── INPUT FOR THIS TASK

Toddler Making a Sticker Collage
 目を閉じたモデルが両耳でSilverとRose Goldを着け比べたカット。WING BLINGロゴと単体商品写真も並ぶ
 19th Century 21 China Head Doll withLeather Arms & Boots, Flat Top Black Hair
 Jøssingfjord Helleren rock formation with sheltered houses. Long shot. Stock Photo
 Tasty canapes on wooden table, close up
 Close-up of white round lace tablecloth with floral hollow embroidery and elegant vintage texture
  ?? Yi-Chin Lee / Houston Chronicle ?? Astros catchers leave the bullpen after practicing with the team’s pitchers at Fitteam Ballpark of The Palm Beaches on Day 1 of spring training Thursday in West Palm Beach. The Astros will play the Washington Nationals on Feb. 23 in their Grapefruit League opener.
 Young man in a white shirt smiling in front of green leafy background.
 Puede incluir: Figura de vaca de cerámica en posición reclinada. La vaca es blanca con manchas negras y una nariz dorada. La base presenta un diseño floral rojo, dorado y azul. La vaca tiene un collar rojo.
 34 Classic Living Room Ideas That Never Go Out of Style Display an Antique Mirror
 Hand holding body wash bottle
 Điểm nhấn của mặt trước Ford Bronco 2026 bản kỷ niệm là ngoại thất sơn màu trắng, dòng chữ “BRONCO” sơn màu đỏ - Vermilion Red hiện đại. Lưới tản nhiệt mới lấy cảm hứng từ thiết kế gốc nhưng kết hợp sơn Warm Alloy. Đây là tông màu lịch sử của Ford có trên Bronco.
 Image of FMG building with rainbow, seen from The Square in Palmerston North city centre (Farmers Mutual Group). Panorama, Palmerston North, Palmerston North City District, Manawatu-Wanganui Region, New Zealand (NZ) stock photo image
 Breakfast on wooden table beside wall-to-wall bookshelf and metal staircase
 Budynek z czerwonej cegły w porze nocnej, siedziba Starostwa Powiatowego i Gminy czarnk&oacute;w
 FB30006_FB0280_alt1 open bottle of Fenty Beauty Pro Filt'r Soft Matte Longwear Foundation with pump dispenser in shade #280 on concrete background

────

→ **WHAT YOU ARE ASKED TO DO**:
The reply should hold only the lines of the listing above starting at the line containing "Close-up of white" and ending at the line containing "Hand holding body wash bottle", exactly as written.

→ **TASK ANSWER**:
 Close-up of white round lace tablecloth with floral hollow embroidery and elegant vintage texture
  ?? Yi-Chin Lee / Houston Chronicle ?? Astros catchers leave the bullpen after practicing with the team’s pitchers at Fitteam Ballpark of The Palm Beaches on Day 1 of spring training Thursday in West Palm Beach. The Astros will play the Washington Nationals on Feb. 23 in their Grapefruit League opener.
 Young man in a white shirt smiling in front of green leafy background.
 Puede incluir: Figura de vaca de cerámica en posición reclinada. La vaca es blanca con manchas negras y una nariz dorada. La base presenta un diseño floral rojo, dorado y azul. La vaca tiene un collar rojo.
 34 Classic Living Room Ideas That Never Go Out of Style Display an Antique Mirror
 Hand holding body wash bottle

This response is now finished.